BEGIN Listed records
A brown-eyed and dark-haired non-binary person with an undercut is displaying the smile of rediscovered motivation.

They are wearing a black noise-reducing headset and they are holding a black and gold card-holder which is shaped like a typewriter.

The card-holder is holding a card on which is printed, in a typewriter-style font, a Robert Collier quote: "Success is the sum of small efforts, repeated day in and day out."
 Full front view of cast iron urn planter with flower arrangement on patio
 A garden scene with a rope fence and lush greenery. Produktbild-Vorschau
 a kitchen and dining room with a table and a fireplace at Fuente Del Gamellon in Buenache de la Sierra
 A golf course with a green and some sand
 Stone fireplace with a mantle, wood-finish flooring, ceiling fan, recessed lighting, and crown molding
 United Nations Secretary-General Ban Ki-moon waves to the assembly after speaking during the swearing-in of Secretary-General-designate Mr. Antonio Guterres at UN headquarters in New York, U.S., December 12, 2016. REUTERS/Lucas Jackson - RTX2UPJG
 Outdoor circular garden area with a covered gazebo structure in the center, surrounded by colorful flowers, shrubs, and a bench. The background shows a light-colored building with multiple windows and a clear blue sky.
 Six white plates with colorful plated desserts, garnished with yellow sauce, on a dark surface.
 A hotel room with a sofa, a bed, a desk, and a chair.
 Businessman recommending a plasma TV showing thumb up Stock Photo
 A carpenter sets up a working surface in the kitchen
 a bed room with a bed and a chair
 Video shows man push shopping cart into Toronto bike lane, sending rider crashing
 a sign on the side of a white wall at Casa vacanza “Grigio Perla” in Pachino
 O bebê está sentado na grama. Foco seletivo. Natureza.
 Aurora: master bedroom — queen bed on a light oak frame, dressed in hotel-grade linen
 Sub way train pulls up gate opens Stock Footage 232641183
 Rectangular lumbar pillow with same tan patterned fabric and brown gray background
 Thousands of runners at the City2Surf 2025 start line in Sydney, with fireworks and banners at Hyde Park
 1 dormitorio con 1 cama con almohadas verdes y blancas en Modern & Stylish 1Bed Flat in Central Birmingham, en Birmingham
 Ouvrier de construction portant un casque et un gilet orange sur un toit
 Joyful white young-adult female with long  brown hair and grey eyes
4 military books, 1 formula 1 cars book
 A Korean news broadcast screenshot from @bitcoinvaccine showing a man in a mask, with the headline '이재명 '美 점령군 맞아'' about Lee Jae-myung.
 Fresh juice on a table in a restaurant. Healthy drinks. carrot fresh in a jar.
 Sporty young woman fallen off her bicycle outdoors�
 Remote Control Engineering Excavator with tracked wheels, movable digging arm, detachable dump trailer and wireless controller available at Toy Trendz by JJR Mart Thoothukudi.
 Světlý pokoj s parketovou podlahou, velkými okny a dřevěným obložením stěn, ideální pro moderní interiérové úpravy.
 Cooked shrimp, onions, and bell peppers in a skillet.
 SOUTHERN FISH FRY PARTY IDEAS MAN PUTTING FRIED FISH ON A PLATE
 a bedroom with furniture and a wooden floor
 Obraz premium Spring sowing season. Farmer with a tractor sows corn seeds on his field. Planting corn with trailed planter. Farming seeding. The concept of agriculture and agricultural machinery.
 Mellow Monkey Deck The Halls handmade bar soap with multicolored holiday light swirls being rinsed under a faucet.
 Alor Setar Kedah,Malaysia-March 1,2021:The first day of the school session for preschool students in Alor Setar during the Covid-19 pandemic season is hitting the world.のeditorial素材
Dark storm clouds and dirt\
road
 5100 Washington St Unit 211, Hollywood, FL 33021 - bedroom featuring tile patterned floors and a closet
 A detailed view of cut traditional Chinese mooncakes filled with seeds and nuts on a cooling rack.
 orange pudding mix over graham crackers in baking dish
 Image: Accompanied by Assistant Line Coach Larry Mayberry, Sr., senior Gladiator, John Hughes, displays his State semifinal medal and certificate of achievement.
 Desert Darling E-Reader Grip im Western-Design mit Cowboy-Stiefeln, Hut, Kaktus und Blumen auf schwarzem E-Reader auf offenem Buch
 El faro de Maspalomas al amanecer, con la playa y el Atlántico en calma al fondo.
END Listed records
About this task: What you give back should be exactly the lines of the data above from the line with "A golf course with a green and some sand" through the line with "United Nations Secretary-General", both of those included, and nothing more.

Expected output:
 A golf course with a green and some sand
 Stone fireplace with a mantle, wood-finish flooring, ceiling fan, recessed lighting, and crown molding
 United Nations Secretary-General Ban Ki-moon waves to the assembly after speaking during the swearing-in of Secretary-General-designate Mr. Antonio Guterres at UN headquarters in New York, U.S., December 12, 2016. REUTERS/Lucas Jackson - RTX2UPJG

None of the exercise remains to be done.